The Jersey Shore native had played in his high school band, but he didn’t know after enlisting that he was a shoe-in for carrying a horn rather than a rifle in the military.

He spent his basic training at Sampson, N.Y.

What he recalled from those early days in the military was the cold.

“I was assigned to guard duty,” he said.

One night, while trying to keep warm and alert, he got word that six prisoners escaped from the stockade and just might be intent on stealing a boat.

He recalled with a laugh thinking that if they were crazy enough to steal one, they could just have it.

When his band director from high school wrote a letter to the base commander about Brooks’s musical abilities, he soon found himself on a new path.

He was sent for 12 weeks of band school and on to Sewart Air Force Base near Nashville and the 754th Air Force Band.

“I didn’t have an instrument at first,” he recalled. “During the day, we practiced. Every Friday, we marched to the flag pole and played retreat.”

There were concerts every month and other events.

He recalled playing for the governor of Tennessee and meeting famous musicians.

“We were on standby all the time,” he said. “We never knew what big shots were coming in.”

Brooks recalled playing with the band on a local TV station once a month.

The band also made monthly trips to Knoxville for a review of the troops.

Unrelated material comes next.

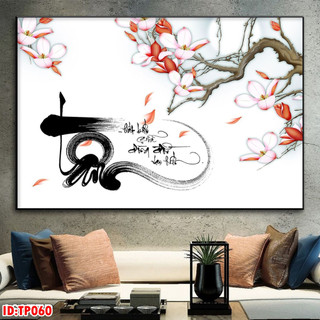 Tranh Treo Tường 20/11 Tri Ân Thầy Cô  Chữ Tâm - Tranh Laminate Tráng Gương (60x90cm)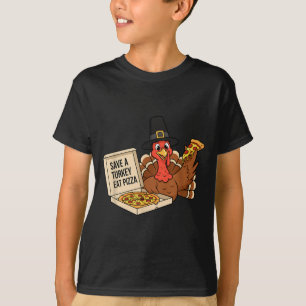 Funny Save A Turkey Eat A Zza Thanksgiving Zza Lov T-Shirt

“We were on the go a lot,” he said.

It was an enjoyable time for the young airman from Lycoming County, even if it included less joyous gigs such as funerals.

For the most part, being in a band with plenty of talented musicians proved to be a lot of fun.

During his time stationed in Tennessee, he met his future wife.

“I actually met her through a church group,” Brooks said.

Mildred Williams hailed from Lawrenceburg, Tennessee, and the two celebrated 64 years of marriage before she passed away earlier this year.

The couple would raise three children.

When his enlistment neared its end, Brooks contemplated staying in the Air Force but decided to move back to Lycoming County with his family.

“My mother and father bought the White Horse Inn,” he recalled.

Brooks worked as a bartender there for a time before moving on to other work, including Piper Aircraft and Central Cable (later to become Alcan Cable), where he was employed for 28 years.

“I started out as a scrap metal loader,” he said.

He eventually ended up in the recycling department before retiring at age 60.

He’s lived in the same house in Old Lycoming Township for the past 45 years. From his porch, he can sometimes spot deer, turkeys and other wildlife wandering onto his property.

For a time, he played in the Repasz Band and other bands.

At 85, his memory remains sharp.

“I’m diabetic,” he said. “I take pills for that. I got artificial knees and an artificial hip.”

Looking back on his time in the military, he said: “I think that every young guy should go through the military. You learn respect. I was glad to serve my country.”

He said his best memory from his Air Force days was just meeting people and making friends.

“They are just like your family,” he said.